For multi-step pipelines, nest spans hierarchically: the parent span is the user-facing operation; child spans are the retrieval step, embedding step, and LLM generation step. This surfaces which stage dominates latency — retrieval is slow, embedding is expensive, generation is unexpectedly short.

SHOULD use a library that handles OpenTelemetry wiring automatically rather than instrumenting every call site manually. OpenLIT (pip install openlit) instruments OpenAI, Anthropic, LiteLLM, and 50+ providers with a single initialization call:

python
import openlit

openlit.init(
    otlp_endpoint="http://otel-collector:4318",
    application_name="order-assistant",
    environment="production",
)
# All subsequent LLM calls are automatically traced

Attribute Every Call to a Cost Center

Token costs compound silently. A feature that consumes 3,000 tokens per request is unnoticeable in development; at 100,000 requests per day it is a significant line item. Without attribution, cost spikes have no owner.

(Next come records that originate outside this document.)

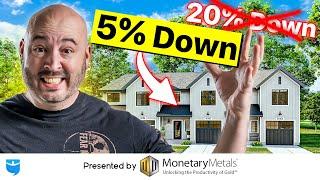 Fannie Mae SLASHES Multifamily Down Payment to Just 5%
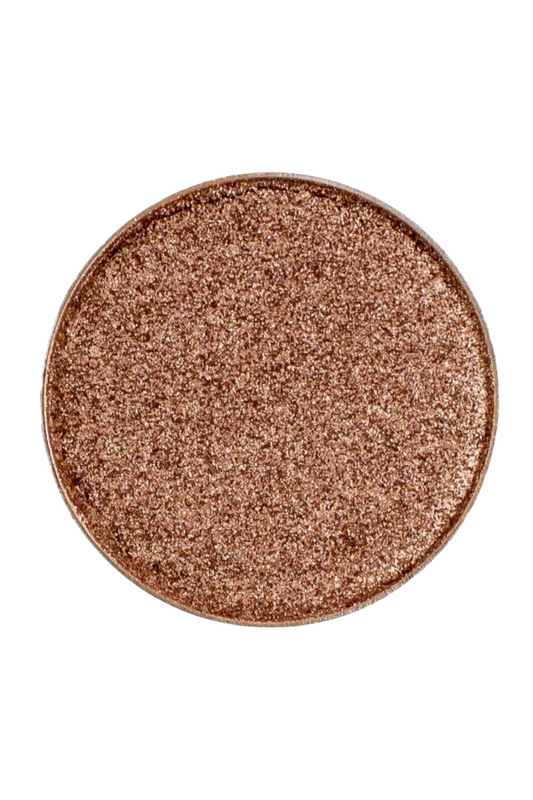 Just Beautiful Satin Shimmer Powder Shadow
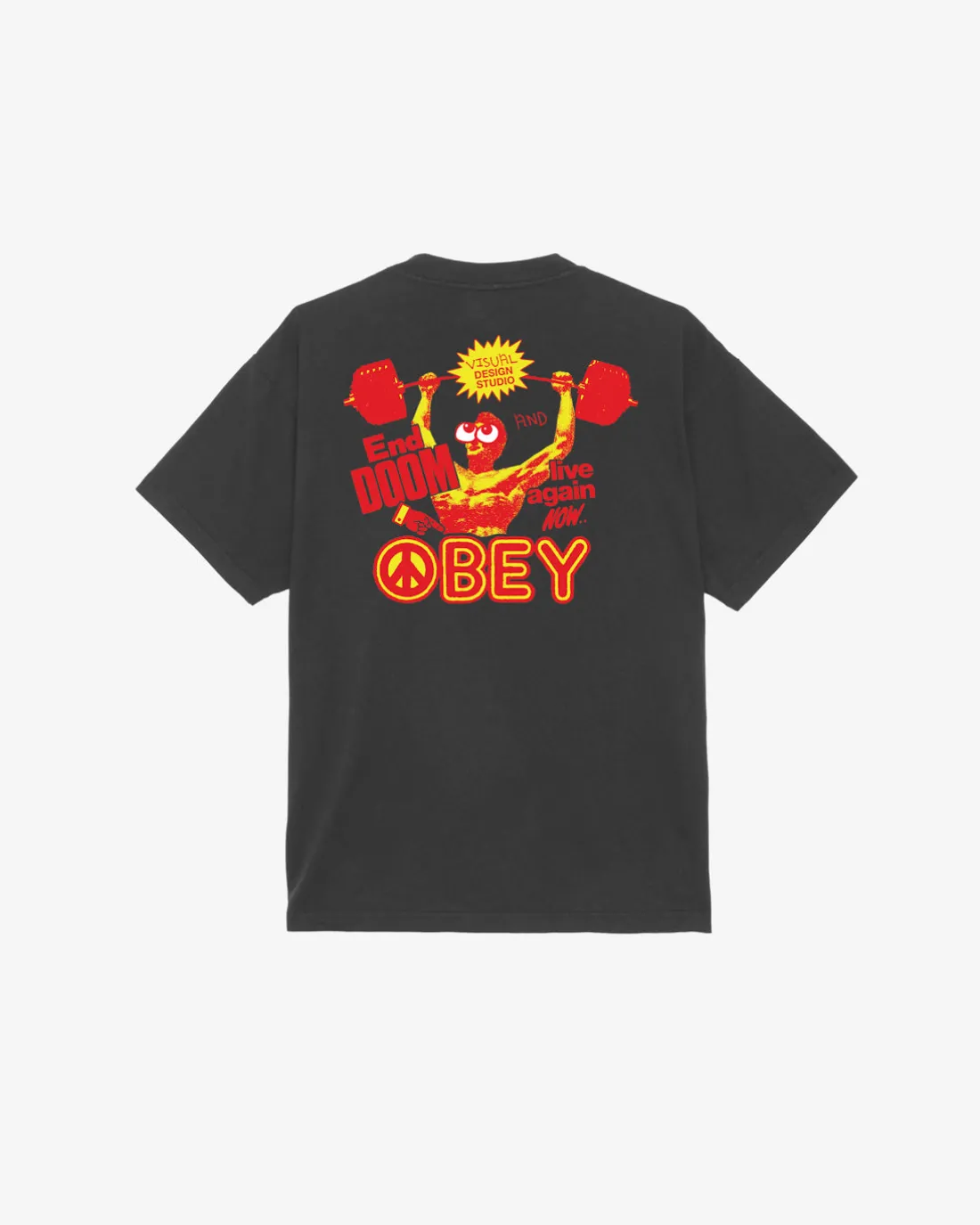 live_again_now_heavyweight_tshirt_2.webp LIVE AGAIN NOW HEAVYWEIGHT T-SHIRT*OBEY Clothing Shop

MUST tag every LLM API call with at minimum: user_id, feature, and environment. Most providers accept metadata headers or request parameters that pass through to billing dashboards and observability platforms.

SHOULD compute cost per request at instrumentation time rather than retrospectively:

python
PRICING = {
    "gpt-4o": {"input": 2.50, "output": 10.00},        # $ per million tokens
    "gpt-4o-mini": {"input": 0.15, "output": 0.60},
    "claude-sonnet-4-6": {"input": 3.00, "output": 15.00},
}

def compute_cost(model: str, input_tokens: int, output_tokens: int) -> float:
    p = PRICING.get(model, {"input": 0, "output": 0})
    return (input_tokens * p["input"] + output_tokens * p["output"]) / 1_000_000

Record cost_usd as a span attribute alongside token counts. Dashboard by feature and user_id to identify the top cost drivers and detect anomalies (a user suddenly consuming 10x their typical tokens is either a bug or abuse).

SHOULD set soft cost budgets per tenant or user and alert when cumulative daily spend approaches the threshold. Hard limits require either middleware that rejects requests or provider-side spend limits.

Run Quality Evaluation on Sampled Production Traffic

MUST NOT treat operational success (200 OK, latency within SLO) as a proxy for output quality. Silent failures — responses that are syntactically valid but factually wrong — will not appear in error rate dashboards.

SHOULD run asynchronous quality scoring on 1–5% of production traffic. Scoring 100% of traffic is expensive; sampling at 2% on a system handling 10,000 requests per hour evaluates 200 interactions per hour — sufficient for trend detection.

For RAG systems, run RAGAS metrics (BEE-30004) on sampled traces: faithfulness, context recall, and answer relevance diagnose different failure modes independently.

SHOULD collect user feedback signals and align them with evaluation scores. Thumbs-down clicks, correction messages, and session abandonment are leading indicators of quality degradation that appear before structured metrics catch up.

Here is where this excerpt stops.